I also want to acknowledge here it's difficult to keep fighting. It's difficult to continue moving forward when the task before us seems overwhelming. I don't envy the firefighters in California right now, nor do I envy anyone confronting a battle of their own. But I support them, and myself, and everyone else. I will keep cheering from the sidelines as many are doing for me. And I will hold out hope for the fire to die and the smoke to clear, just like it has where I live. I don't know what the future holds, but on Sunday morning, I looked out my window and saw a blue sky above the smoke layer for the first time in days. May we all see blue skies literally and figuratively sooner rather than later.

I dream of a world where we keep fighting when the situation calls for it. A world where we understand sometimes it takes a while before the tides turn and victory is in sight. A world where we cheer each other on as we all go through our own versions of hell. A world where we keep going.

Another world is not only possible, it's probable.

Sunday, November 4, 2018

Do The Thing You Think You Can't



This month I'm participating in NaNoWriMo – that's National Novel Writing Month for the uninformed. It's an internet campaign that encourages people to write 50,000 words during the month of November. That's roughly 200 pages in book land when you take into account formatting and page size. It's approximately 75 pages single spaced in a word processing document.

Writing this much during the month of November, or any time really, feels nigh impossible for me. I used to say with sincerity that I can't write fiction to save my life, and now here I am writing fiction. Some people might scratch their heads upon hearing that. Aren't I a professional writer? Haven't I been, you know, writing, for nearly my entire life? What's the big deal with fiction? Isn't it all the same? In brief, no.

Yep, I'm writing one of these. Photo by Mahendra Kumar on Unsplash
As a journalist, I write about the world around me. I summarize and synthesize information already available. I don't create anything, I merely convey information. Writing fiction is the complete opposite. The novelist must create an entire world and have it make sense. Even fantasy and science fiction conforms to certain rules manufactured by the author.
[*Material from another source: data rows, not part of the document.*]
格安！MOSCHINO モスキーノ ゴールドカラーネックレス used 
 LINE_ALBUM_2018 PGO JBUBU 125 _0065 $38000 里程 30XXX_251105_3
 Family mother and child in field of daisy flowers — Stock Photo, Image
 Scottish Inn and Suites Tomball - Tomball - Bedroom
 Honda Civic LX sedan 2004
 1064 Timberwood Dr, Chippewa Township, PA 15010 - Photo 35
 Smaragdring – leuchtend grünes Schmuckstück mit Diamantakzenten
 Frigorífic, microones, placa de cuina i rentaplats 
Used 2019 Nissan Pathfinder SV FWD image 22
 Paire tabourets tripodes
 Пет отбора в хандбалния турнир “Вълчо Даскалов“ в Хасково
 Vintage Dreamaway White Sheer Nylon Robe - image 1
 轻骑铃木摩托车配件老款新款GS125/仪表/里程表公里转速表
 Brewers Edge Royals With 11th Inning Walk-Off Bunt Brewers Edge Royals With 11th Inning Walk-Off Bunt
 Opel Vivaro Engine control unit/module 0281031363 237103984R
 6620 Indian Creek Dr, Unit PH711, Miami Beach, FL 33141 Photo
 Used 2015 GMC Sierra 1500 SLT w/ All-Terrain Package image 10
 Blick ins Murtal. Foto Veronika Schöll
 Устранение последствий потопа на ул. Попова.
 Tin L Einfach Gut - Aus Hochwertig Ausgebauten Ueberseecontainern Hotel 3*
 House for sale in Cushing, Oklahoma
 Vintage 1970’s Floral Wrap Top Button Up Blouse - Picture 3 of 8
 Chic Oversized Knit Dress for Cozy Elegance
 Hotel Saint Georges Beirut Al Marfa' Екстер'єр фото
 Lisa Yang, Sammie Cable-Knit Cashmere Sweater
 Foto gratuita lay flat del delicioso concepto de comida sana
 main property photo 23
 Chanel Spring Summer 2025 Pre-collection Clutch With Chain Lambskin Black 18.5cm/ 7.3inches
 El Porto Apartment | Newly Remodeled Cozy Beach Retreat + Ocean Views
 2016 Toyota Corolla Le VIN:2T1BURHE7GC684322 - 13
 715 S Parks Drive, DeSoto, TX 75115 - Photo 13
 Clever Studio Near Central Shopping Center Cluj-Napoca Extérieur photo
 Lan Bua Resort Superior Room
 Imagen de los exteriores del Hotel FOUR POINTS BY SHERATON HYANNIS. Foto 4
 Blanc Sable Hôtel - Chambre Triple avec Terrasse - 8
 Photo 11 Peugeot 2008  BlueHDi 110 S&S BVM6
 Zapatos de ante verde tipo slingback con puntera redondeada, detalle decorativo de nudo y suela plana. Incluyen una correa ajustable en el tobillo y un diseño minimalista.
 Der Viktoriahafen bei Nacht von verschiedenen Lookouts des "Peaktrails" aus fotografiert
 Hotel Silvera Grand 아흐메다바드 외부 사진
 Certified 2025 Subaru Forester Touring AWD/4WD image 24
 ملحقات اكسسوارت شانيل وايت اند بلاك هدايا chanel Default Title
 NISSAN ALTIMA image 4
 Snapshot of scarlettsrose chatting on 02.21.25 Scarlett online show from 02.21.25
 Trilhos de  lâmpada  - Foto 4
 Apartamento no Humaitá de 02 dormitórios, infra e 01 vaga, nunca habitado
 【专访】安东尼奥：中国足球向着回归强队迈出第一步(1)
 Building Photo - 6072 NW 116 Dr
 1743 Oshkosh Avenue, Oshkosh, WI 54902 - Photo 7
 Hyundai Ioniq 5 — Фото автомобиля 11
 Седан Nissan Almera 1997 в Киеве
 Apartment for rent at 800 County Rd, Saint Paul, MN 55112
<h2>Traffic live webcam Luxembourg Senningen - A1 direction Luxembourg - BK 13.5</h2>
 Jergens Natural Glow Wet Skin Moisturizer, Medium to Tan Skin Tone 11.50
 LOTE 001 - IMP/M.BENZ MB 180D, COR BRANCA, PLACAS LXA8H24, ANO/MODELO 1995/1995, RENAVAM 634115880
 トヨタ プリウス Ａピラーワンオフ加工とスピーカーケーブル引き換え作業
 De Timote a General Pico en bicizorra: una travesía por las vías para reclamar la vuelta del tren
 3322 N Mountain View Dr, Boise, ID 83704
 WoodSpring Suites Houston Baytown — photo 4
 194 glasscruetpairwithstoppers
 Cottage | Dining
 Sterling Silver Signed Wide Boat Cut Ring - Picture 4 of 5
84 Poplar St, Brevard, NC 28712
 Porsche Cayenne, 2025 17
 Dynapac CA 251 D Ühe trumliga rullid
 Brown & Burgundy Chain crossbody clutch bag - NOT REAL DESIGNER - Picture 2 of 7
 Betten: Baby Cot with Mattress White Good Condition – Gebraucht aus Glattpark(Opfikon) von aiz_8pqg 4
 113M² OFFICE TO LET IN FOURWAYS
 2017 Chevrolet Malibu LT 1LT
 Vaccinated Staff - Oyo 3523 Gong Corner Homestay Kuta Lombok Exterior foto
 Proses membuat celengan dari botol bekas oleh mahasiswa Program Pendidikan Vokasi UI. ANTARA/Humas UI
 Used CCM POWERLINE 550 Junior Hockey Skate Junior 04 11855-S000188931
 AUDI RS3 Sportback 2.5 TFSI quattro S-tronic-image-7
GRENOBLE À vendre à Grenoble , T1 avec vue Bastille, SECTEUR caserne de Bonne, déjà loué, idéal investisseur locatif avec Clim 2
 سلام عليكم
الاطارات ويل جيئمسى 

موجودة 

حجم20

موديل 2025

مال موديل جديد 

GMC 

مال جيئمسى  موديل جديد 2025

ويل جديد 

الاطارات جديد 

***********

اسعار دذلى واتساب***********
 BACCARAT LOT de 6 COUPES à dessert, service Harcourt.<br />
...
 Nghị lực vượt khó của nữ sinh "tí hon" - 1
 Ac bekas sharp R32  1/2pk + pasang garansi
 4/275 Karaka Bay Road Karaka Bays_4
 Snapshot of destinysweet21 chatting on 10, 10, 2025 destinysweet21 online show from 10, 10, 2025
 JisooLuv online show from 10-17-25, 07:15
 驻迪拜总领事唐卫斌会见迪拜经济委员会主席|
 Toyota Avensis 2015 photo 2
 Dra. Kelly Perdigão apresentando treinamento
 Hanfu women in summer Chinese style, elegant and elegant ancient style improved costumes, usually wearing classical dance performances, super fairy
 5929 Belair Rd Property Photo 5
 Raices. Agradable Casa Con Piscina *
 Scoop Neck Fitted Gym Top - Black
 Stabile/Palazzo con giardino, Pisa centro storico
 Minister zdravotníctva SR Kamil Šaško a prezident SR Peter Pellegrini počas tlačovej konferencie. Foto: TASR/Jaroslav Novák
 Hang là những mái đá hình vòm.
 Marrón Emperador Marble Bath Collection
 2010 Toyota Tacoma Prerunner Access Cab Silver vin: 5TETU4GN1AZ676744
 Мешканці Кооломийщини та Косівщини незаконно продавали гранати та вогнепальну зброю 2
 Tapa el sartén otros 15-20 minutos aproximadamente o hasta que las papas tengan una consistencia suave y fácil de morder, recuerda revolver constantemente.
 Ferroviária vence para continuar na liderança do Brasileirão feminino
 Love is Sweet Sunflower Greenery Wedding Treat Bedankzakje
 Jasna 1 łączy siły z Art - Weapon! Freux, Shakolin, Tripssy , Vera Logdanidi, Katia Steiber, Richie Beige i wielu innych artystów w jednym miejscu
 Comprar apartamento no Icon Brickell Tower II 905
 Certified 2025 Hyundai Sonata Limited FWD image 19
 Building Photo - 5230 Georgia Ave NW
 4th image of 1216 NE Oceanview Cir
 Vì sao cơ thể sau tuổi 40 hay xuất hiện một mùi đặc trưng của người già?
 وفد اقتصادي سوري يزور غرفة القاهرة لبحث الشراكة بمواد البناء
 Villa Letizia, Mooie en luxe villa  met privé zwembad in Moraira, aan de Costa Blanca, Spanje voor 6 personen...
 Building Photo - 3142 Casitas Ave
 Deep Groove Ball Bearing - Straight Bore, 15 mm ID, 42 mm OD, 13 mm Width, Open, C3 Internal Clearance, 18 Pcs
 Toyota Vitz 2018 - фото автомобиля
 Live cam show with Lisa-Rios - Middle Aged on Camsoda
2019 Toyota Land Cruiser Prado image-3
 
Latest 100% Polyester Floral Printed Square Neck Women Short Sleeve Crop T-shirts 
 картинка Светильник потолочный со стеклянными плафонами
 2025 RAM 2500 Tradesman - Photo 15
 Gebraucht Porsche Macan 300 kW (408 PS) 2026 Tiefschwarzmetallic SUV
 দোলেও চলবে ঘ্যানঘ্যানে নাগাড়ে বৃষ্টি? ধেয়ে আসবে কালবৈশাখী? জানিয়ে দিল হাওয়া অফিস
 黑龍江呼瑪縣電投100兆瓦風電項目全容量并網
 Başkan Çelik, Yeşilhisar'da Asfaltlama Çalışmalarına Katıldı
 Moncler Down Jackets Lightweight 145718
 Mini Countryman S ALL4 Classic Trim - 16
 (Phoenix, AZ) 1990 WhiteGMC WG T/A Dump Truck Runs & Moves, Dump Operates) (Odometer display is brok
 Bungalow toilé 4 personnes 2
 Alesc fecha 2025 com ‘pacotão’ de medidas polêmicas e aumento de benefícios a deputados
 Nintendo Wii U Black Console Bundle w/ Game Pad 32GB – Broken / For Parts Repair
Characters have to seem like real people with real emotions and motivations, otherwise we deem them “flat.” As someone who has spent decades reporting on real people and real events to suddenly switch gears and report on imaginary people and imaginary events is no easy task. And yet, here I am, doing the thing I think I can't.

This post isn't altogether profound because, well, I've already been writing for two hours every day outside of my writing job, but there's something important for me here about mentioning we're capable of more than we think. We place limits on ourselves and what we presume we can accomplish, but maybe that's inaccurate. When I hear about incredible things other people do my first reaction is usually, “I could never do that.” But could I?

My spiritual teacher says something to the effect of exhaust all of your own strength and energy and then if you're supposed to continue, the universe will give you more strength and energy. That's not a recipe for burnout, by the way. It's not an invitation to run ourselves ragged. Rather, it's the acknowledgment that if you're lost, wounded, and starving in the woods, for instance, if you're meant to live, somehow you'll find the reserves to crawl 200 miles on your hands and knees to civilization. That's not an exaggeration, by the way. It's the true story of Hugh Glass, who Leonardo DiCaprio depicted in the movie The Revenant.

What I'm saying here is we are all capable of more than we think. Will I be able to write a total of 50,000 words by the end of this month? I'm not sure, but I'm working toward that every day. I'm tackling something seemingly impossible for me and doing the thing I think I can't. And even if I fail, this process is stretching me in ways I never anticipated and that in and of itself is valuable.

I dream of a world where we do the things we think we can't. A world where we realize we are stronger, smarter, and more capable than we are aware. A world where we realize if something is meant to be, the universe will lend us a hand.

Another world is not only possible, it's probable.